The VREs’ characteristic of being the framework expected to support communities of practice is what makes
VREs definition very heterogeneous and VREs implementation a challenging activity. “Community of practice”
is a term coined to capture an “activity system” that includes individuals who are united in action and in the
meaning that “action” has for them and for the larger collective. The communities of practice are “virtual”, i.e.,
they are not formal structures, such as departments or project teams. Instead, these communities exist in the
minds of their members and are glued together by the connections they have with each other as well as by their
specific shared problems or areas of interest. The generation of knowledge in communities of practice occurs
when people participate in problem solving and share the knowledge necessary to solve the problems (Wenger,
1998). Creating and supporting communities of practice as a strong alternative to building teams was an early
observation (Nirenberg, 1994). This is particularly true in science and scientific collaborations as confirmed by
the Royal Society study previously cited. It is evident that realising working environments for communities with
features for communities of practice is a challenging task: the service has to be guaranteed at a level of quality
of service although the requirements and needs are highly evolving and the membership is volatile.

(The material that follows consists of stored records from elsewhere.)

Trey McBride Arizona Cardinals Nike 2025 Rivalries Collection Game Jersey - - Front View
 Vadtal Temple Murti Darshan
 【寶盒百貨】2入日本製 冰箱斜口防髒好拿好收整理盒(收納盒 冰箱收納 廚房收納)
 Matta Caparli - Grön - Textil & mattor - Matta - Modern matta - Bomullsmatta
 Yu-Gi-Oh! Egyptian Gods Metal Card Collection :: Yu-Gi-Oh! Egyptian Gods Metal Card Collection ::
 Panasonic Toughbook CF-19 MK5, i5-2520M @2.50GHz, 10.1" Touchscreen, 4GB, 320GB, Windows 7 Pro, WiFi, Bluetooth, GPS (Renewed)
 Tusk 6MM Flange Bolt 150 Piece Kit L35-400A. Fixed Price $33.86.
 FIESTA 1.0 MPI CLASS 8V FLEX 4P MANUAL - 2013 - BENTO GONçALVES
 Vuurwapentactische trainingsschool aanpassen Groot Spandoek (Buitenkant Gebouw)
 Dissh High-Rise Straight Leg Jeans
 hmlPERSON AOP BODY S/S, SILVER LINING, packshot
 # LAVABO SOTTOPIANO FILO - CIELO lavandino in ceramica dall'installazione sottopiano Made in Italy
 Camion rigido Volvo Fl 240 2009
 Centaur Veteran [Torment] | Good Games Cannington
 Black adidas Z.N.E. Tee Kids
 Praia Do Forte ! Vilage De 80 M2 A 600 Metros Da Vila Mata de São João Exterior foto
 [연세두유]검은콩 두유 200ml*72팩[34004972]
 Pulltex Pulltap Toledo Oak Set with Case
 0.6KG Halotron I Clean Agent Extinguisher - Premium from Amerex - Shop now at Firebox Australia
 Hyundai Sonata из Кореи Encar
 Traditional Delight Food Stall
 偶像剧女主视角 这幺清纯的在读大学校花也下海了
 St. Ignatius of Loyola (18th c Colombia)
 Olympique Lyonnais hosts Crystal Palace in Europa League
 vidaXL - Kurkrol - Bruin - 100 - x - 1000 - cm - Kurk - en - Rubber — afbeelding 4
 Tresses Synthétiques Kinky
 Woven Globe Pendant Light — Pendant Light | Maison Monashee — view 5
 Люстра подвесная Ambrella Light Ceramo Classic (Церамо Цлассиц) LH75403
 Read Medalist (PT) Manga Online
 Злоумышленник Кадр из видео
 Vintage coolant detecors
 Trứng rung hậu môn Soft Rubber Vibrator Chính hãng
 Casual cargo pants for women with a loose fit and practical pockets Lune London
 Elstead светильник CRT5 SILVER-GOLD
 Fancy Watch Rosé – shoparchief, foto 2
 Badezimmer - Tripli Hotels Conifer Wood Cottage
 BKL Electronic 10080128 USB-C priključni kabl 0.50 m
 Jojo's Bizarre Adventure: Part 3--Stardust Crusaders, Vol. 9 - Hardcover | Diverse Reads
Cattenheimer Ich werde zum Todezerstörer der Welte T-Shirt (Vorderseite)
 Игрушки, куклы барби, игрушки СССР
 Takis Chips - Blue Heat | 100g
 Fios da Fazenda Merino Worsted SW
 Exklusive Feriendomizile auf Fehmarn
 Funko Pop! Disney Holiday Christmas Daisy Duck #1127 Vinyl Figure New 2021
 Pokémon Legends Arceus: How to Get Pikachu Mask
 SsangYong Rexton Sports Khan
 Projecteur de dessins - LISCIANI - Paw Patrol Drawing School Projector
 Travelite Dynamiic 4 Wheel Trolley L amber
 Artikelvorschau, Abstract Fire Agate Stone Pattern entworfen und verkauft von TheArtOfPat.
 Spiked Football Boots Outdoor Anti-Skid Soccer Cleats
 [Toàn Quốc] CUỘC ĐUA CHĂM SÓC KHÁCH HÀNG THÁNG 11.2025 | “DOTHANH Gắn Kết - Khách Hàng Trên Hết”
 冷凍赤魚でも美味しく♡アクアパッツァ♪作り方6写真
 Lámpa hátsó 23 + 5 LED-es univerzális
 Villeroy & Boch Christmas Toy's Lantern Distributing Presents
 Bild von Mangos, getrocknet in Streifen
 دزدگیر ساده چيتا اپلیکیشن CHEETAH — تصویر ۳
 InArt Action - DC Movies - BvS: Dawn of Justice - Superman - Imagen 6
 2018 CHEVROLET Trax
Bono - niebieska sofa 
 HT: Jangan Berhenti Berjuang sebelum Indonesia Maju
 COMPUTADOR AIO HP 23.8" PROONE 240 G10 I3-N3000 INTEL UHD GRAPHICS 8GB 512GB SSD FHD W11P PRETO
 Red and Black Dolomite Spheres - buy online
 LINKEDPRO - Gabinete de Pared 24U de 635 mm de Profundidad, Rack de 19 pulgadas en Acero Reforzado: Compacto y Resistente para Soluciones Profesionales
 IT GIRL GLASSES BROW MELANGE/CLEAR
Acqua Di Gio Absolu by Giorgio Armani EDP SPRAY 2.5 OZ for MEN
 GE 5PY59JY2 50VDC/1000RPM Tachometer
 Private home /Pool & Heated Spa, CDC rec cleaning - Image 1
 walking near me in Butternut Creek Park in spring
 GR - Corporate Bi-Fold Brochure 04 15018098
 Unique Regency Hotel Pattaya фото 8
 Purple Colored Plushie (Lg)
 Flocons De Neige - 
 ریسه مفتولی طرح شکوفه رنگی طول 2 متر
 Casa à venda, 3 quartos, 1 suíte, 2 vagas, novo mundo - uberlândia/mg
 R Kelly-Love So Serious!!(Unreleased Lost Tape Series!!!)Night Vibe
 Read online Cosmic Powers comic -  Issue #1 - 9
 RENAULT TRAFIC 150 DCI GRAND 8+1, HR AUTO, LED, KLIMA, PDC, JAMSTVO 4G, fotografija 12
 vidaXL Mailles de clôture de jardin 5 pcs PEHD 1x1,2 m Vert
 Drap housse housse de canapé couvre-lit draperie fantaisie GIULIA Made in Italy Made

The VREs’ characteristic of being the system that offers the whole array of needed commodities is another
aspect concurring to difficulties in defining VREs’ scope boundaries and enlarging realization challenges. The
larger the pool of expected commodities (both quantitatively and qualitatively) the bigger the effort needed to
implement the related VRE. It is quite common to describe a VRE’s commodities by decoupling the resources
managed through the VRE from the VRE’s services facilitating resources management. Resources range from
data sets, collections, storage facilities, and computing power to services realising specific utilities and research
objects. Research objects themselves evolve from traditional research outputs, such as papers and experimental
data, to living reports (Candela, Castelli, Pagano, & Simi, 2005; Candela, Akal, Avancini, Castelli, Fusco,
Guidetti, et al., 2007), executable research papers (Van Gorp & Mazanek, 2011; Nowakowski, Ciepiela,
Harężlak, Kocot, Kasztelnik, Bartyoski, et al., 2011), scientific workflows (De Roure, Goble, & Stevens, 2009),
and enhanced publications (Hoogerwerf, Lösch, Schirrwagen, Callaghan, Manghi, Iatropoulou, et al., 2013). In
addition to that, a VRE is required to offer a unified and sometimes virtualised view on a pool of resources that
might come from different “providers”.
The VREs’ characteristic of being open and flexible with respect to the overall service offering brings
development approaches into question. Traditional approaches, mainly based on from scratch development of
ad-hoc portals, are not sustainable in community-of-practice-oriented scenarios. There is a need for innovative
approaches aimed at promoting and maximising sharing and reuse of existing commodities to build and operate
a number of VREs. In the context of the DILIGENT, D4Science, D4Science-II triplet of EU projects an
approach that has been developed and deployed based on: (i) an infrastructure making available a rich pool of
resources including datasets, computing power, and hosting machines; (ii) a software framework offering
resource management facilities for a rich array of resources including software packages; (iii) a wizard-based
mechanism allowing users to characterize the VRE they are interested in; and (iv) automatic VRE deployment
facilities that acquire the constituents needed to satisfy the VRE specification by relying on the infrastructure
and software framework offering (Assante, Candela, Castelli, Frosini, Lelii, Manghi, et al., 2008). In the three
projects, the intended communities of practice ranged from humanities research to biodiversity. Moreover, this
initiative is among the first to rely on cloud technologies to implement VREs (Candela, Castelli, & Pagano,
2010).
Finally, the VREs’ characteristic of supporting fine-grained controlled sharing of both intermediate and final
research results while guaranteeing ownership, provenance, and attribution is somehow a consequence of the
scenarios VREs are going to serve. Many science users will not be willing to contribute unless mechanisms
guaranteeing their work are in place (De Roure, Goble, & Stevens, 2009). These mechanisms can be either
explicit, e.g., the visibility of a resource is defined by its creator/owner through a set of policies, or implicit, e.g.,
it is the framework implementing the VRE that injects provenance metadata in the research outputs.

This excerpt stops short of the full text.